The dataset was organized in the following directory structure, with each category in a separate folder containing individual text files. For convenience, I transformed it into an aggregated CSV format.

```
📦_data
 ┣ 📂business
 ┃ ┣ 📜001.txt
 ┃ ┣ 📜002.txt
 ┃ ┣ 📜003.txt
 ...
 ┃ ┗ 📜510.txt
 ┣ 📂entertainment
 ┃ ┣ 📜001.txt
 ┃ ┣ 📜002.txt
 ┃ ┣ 📜003.txt
 ...
 ┃ ┗ 📜386.txt
 ┣ 📂politics
 ┃ ┣ 📜001.txt
 ┃ ┣ 📜002.txt
 ┃ ┣ 📜003.txt
 ...
 ┃ ┗ 📜417.txt
 ┣ 📂sport
 ┃ ┣ 📜001.txt
 ┃ ┣ 📜002.txt
 ┃ ┣ 📜003.txt
 ...
 ┃ ┗ 📜511.txt
 ┗ 📂tech
 ┃ ┣ 📜001.txt
 ┃ ┣ 📜002.txt
 ┃ ┣ 📜003.txt
 ...
 ┃ ┗ 📜401.txt
```

# Preprocess

In [None]:
import nltk
from nltk.stem import WordNetLemmatizer
from nltk.corpus import stopwords
import pandas as pd
import glob
import os
import re


In [None]:
def preprocess_bbc_dataset(root_dir):
    # output columns
    texts = []
    categories = []
    file_names = []

    # process all category directories e.g business or tech folders
    for category in os.listdir(root_dir):
        category_path = os.path.join(root_dir, category)

        if not os.path.isdir(category_path):
            continue

        # process all text files in the category
        for file_path in glob.glob(os.path.join(category_path, "*.txt")):
            try:
                with open(file_path, 'r', encoding='utf-8') as file:
                    text = file.read()

                # fill the row
                texts.append(text)
                categories.append(category)
                file_names.append(os.path.basename(file_path))
            except Exception as e:
                print(f"Error processing {file_path}: {e}")
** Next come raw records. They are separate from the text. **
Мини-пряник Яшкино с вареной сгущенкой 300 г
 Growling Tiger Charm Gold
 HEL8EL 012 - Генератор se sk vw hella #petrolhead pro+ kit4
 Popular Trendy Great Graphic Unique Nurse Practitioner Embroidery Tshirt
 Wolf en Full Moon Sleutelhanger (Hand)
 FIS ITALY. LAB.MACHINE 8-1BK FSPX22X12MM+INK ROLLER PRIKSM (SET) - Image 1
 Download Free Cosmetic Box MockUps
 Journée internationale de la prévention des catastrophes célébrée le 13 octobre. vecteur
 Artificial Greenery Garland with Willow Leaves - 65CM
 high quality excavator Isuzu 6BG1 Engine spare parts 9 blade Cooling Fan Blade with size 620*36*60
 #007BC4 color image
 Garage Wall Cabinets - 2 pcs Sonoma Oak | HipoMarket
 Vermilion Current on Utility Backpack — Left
    # create output dataframe
    data = {
        'file_name': file_names,
        'category': categories,
        'text': texts
    }
    df = pd.DataFrame(data)

    return df

bbc_df = preprocess_bbc_dataset('_data/')
bbc_df


Unnamed: 0,file_name,category,text
0,001.txt,business,Ad sales boost Time Warner profit\n\nQuarterly...
1,002.txt,business,Dollar gains on Greenspan speech\n\nThe dollar...
2,003.txt,business,Yukos unit buyer faces loan claim\n\nThe owner...
3,004.txt,business,High fuel prices hit BA's profits\n\nBritish A...
4,005.txt,business,Pernod takeover talk lifts Domecq\n\nShares in...
...,...,...,...
2220,397.txt,tech,BT program to beat dialler scams\n\nBT is intr...
2221,398.txt,tech,Spam e-mails tempt net shoppers\n\nComputer us...
2222,399.txt,tech,Be careful how you code\n\nA new European dire...
2223,400.txt,tech,US cyber security chief resigns\n\nThe man mak...


In [None]:
print(f"Dataset created with {len(bbc_df)} articles across {bbc_df['category'].nunique()} categories")
print(f"Category distribution:\n{bbc_df['category'].value_counts()}")
bbc_df.describe()


Dataset created with 2225 articles across 5 categories
Category distribution:
category
sport            511
business         510
politics         417
tech             401
entertainment    386
Name: count, dtype: int64


Unnamed: 0,file_name,category,text
count,2225,2225,2225
unique,511,5,2127
top,386.txt,sport,De Niro film leads US box office\n\nFilm star ...
freq,5,511,2


### Basic text cleaning and text normalization

In [None]:
def basic_clean(text):
    # convert all text to lowercase
    text = text.lower()
    # remove punctuation and special characters
    text = re.sub(r'[^\w\s]', ' ', text)
    # remove numbers
    text = re.sub(r'\d+', ' ', text)
    # remove extra whitespaces
    text = re.sub(r'\s+', ' ', text).strip()

    return text

bbc_df['cleaned_text'] = bbc_df['text'].apply(basic_clean)
print("Before cleaning:")
print(bbc_df['text'].iloc[0][:200])
print("\nAfter cleaning:")
print(bbc_df['cleaned_text'].iloc[0][:200])
bbc_df


Before cleaning:
Ad sales boost Time Warner profit

Quarterly profits at US media giant TimeWarner jumped 76% to $1.13bn (£600m) for the three months to December, from $639m year-earlier.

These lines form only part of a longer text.